A car bomb has killed at least 10 people in a vegetable market in the town of Hilla, south of the Iraqi capital Baghdad, police say.
More than 95 people died in a triple bomb attack in Balad
They say more than 30 others were injured in the attack in the mainly Shia town, which has been the scene of previous attacks by insurgents.
The bombing came as the death toll from Thursday's blasts in Balad rose to 95.
Shias have been the main target in a spike in violence ahead of the 15 October referendum on the constitution.
Although it is Friday, the market in Hilla would have been busy when the bomb went off at around 0845 (0445GMT), says the BBC's Richard Galpin in Baghdad.
The Associated Press news agency described how emergency workers lifted the dead and injured into ambulances from streets around the market.

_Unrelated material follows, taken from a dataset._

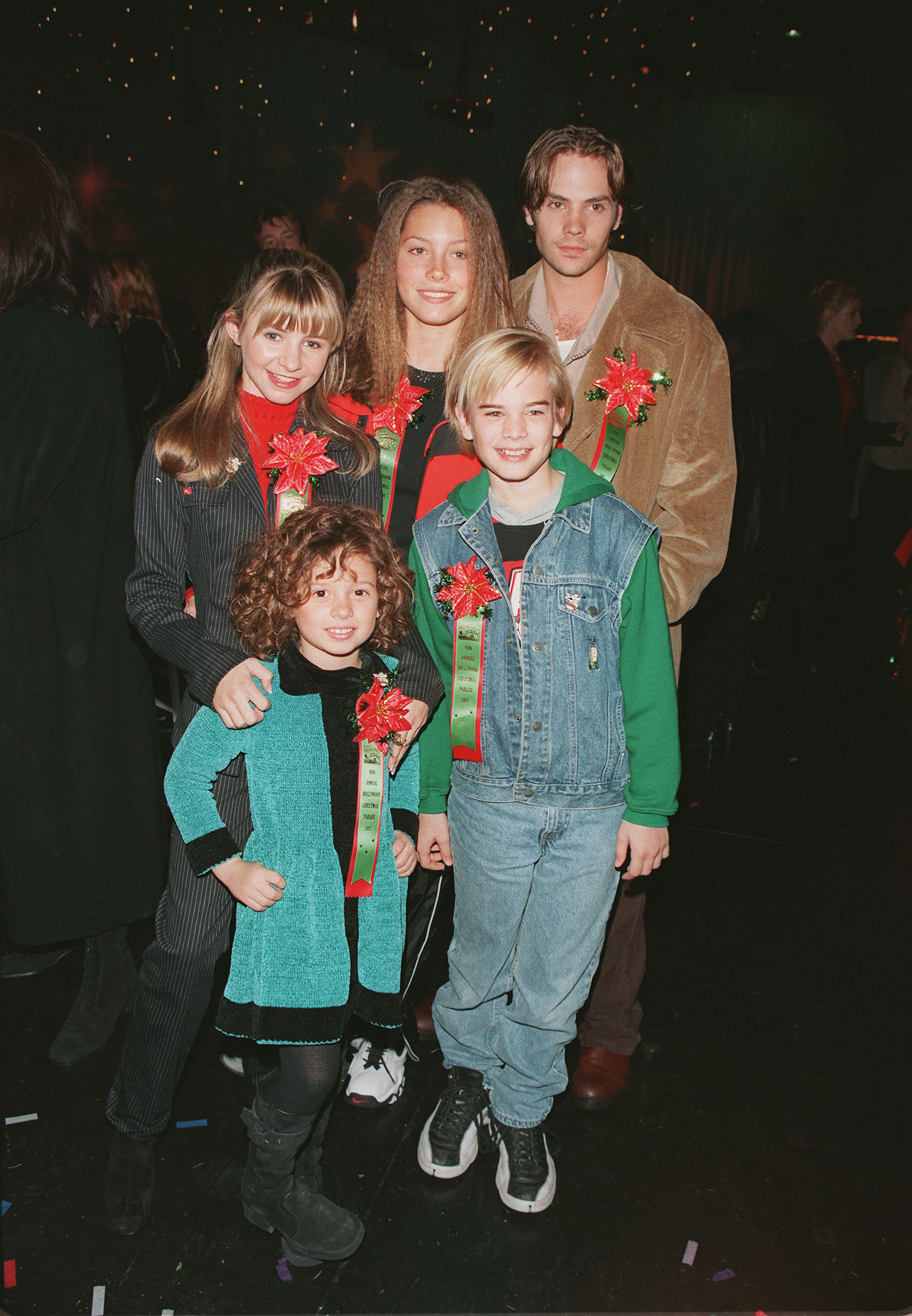 The famous actor with his "7th Heaven" cast mates, circa 1997 | Source: Getty Images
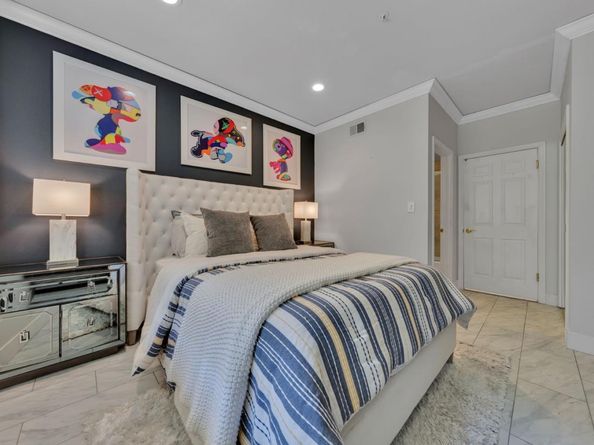 153 N San Mateo Drive 106, San Mateo CA 94401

Hilla, some 60 miles (100km) south of Baghdad, has been the scene of the some of the biggest attacks in the insurgency over the past two years.
Almost 100 people died in a suicide bomb attack that also detonated a fuel tanker in the town centre in July, and more than 120 were killed in a suicide car bombing at the start of the year.
Late on Thursday, the market place in Balad, some 50 miles (80km) north of the capital, was hit by three near-simultaneous car bombings.
At least 95 people were killed and more than 100 wounded.
US helicopters ferried some to a nearby military base for treatment to help stretched emergency workers.
US President George W Bush warned earlier this week that insurgents were likely to step up their attacks ahead of the October referendum on the constitution.
"We can expect they'll do everything in their power to try to stop the march of freedom," he said.
Sunnis are unhappy with the constitution, which they say favours the majority Shia and Kurd communities, and could throw it out in the upcoming referendum.
The BBC's Middle East Editor, Jeremy Bowen, says the mainly-Sunni insurgents will do all they can to destroy the political option and hope that the killing drives Iraqis apart faster than politicians can bring them together.